Faithful to their new wave roots, Luty Sakavik definitely feel sincere and appealing.
Belarusian music is strongly rooted in nostalgia. Lately it was lucky – the decades and genres it chose to be nostalgic about became trendy.
Belarusian coldwave (strictly rooted in ’80s post-punk) already generates strong following. It shouldn’t be surprising that the country also has a healthy (or unhealthy) number of new wave outfits.
Luty Sakavik (February March), a duo of Eryk Arłoŭ-Šymkus and Uladzimir Liankievič, is very faithful to its new wave roots. You can’t stop thinking about all these German boys with synthesisers when listening to its new LP. And while the songs might not be very catchy, they definitely feel very sincere and appealing.
Large part of this appeal is thanks to frontman’s charisma. Uladzimir Liankievič is a bright figure, potential future legend of Belarusian singing-songwriting, interesting poet and a man of dramatic fate.

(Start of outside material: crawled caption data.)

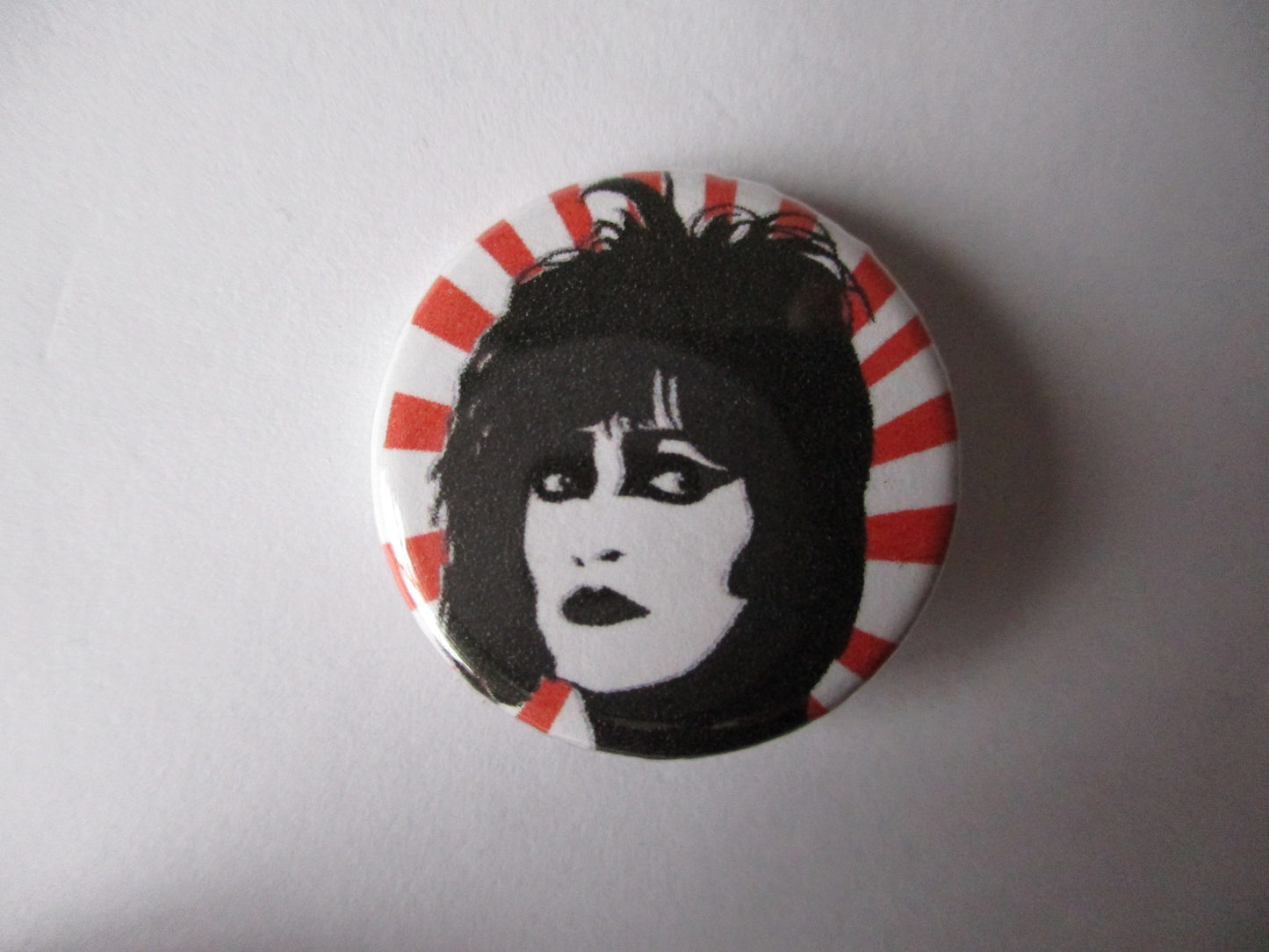 SIOUXSIE punk badge (VARIOUS DESIGNS)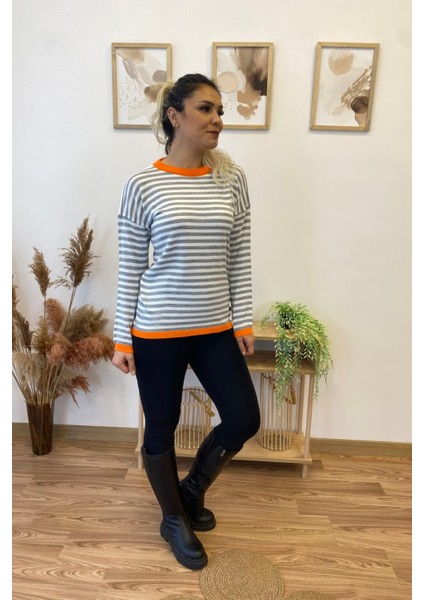 Çizgili Yuvarlak Yaka Triko Bluz indirimleri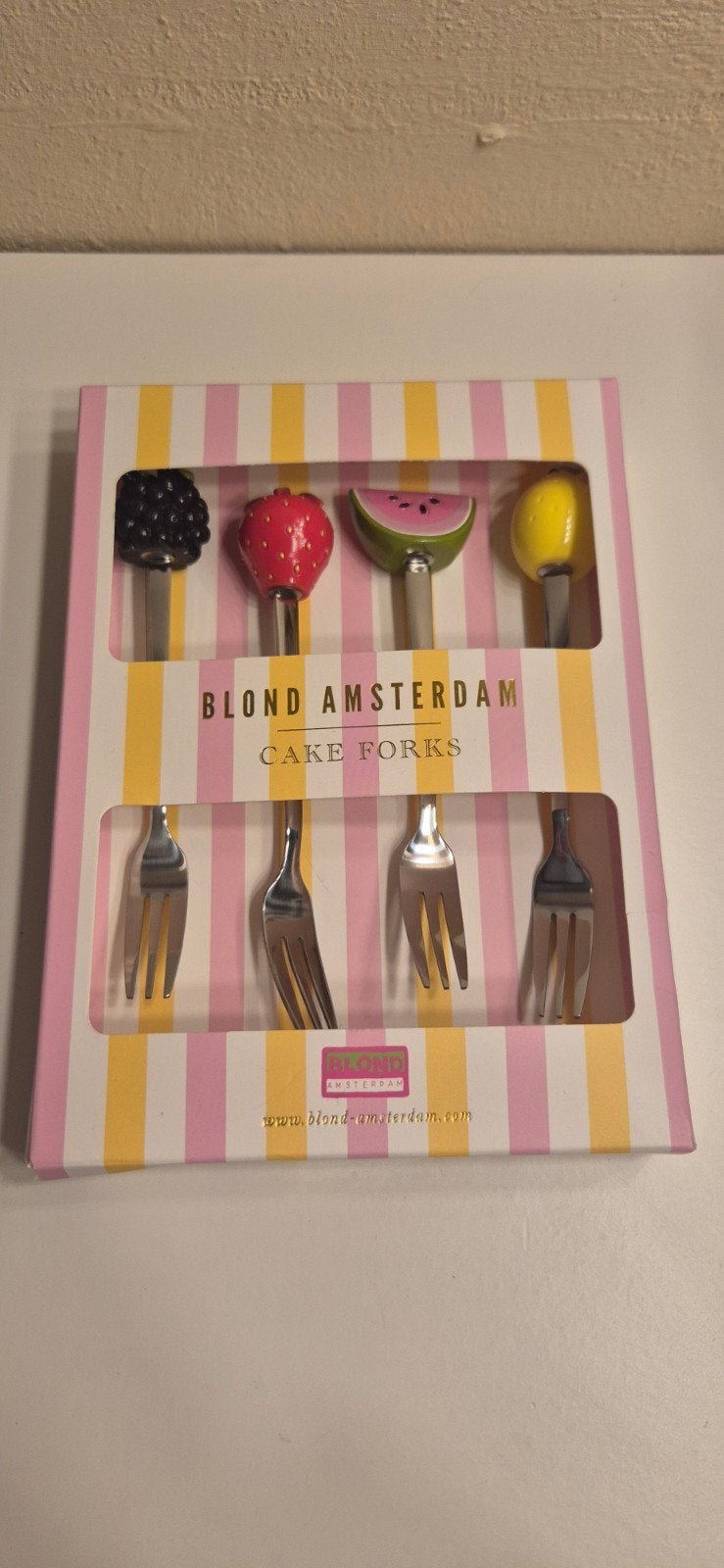 Blond Amsterdam vorkjes, Ophalen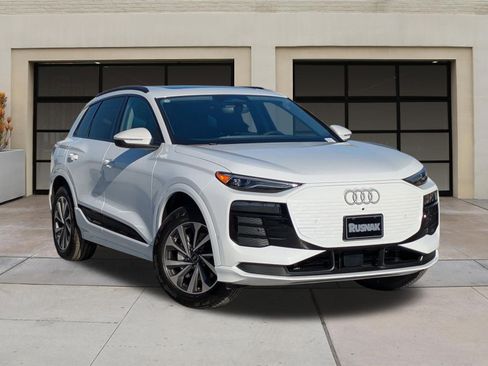 New 2025 Audi Q6 e-tron Premium image 19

His previous outfit, Tonqixod generated cult following among Belarusian intellectuals, thanks to intricate clever lyrics Uladzimir writes, and high quality art-rock music. However, art-rock is not just old, it’s ancient, so Uladzimir moved slightly ahead in time: from ’70s to ’80s, from guitar opus magnums to synthesised beats.
Essence of the music didn’t change. Belarusian intellectuals would listen to Liankievičis no matter what he plays – art-rock, new waves, or black metal. His personality and lyricism are appealing enough to traverse feeble genre boundaries.